--- Collected material ---

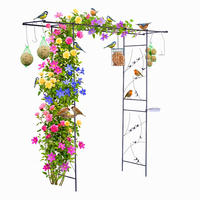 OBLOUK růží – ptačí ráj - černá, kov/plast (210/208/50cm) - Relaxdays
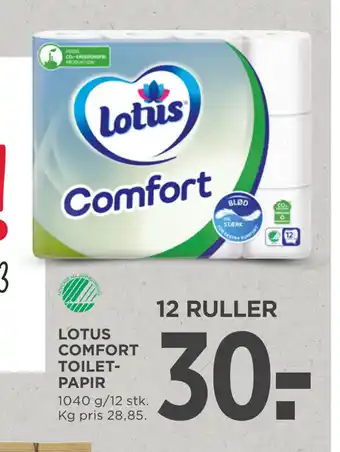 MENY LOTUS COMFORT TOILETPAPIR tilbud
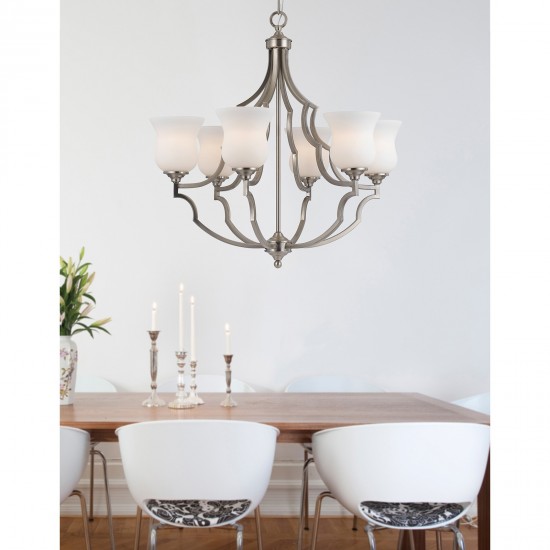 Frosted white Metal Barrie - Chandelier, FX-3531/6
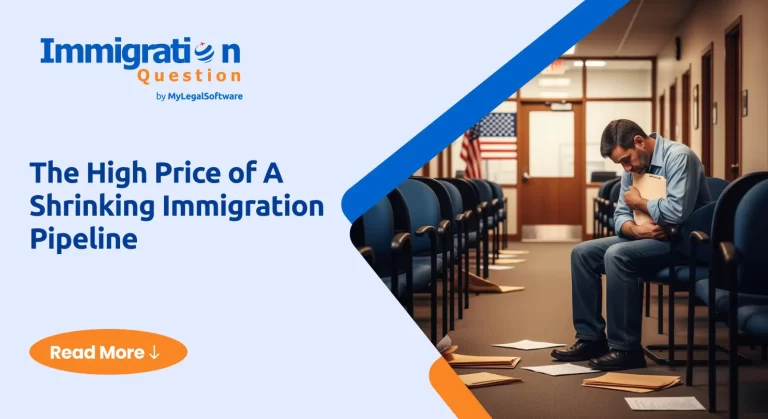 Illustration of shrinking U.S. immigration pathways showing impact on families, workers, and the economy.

---

Reproduce the data above word for word, but leave the images out.

## Reply to the exercise
 OBLOUK růží – ptačí ráj - černá, kov/plast (210/208/50cm) - Relaxdays
 MENY LOTUS COMFORT TOILETPAPIR tilbud
 Frosted white Metal Barrie - Chandelier, FX-3531/6
 Illustration of shrinking U.S. immigration pathways showing impact on families, workers, and the economy.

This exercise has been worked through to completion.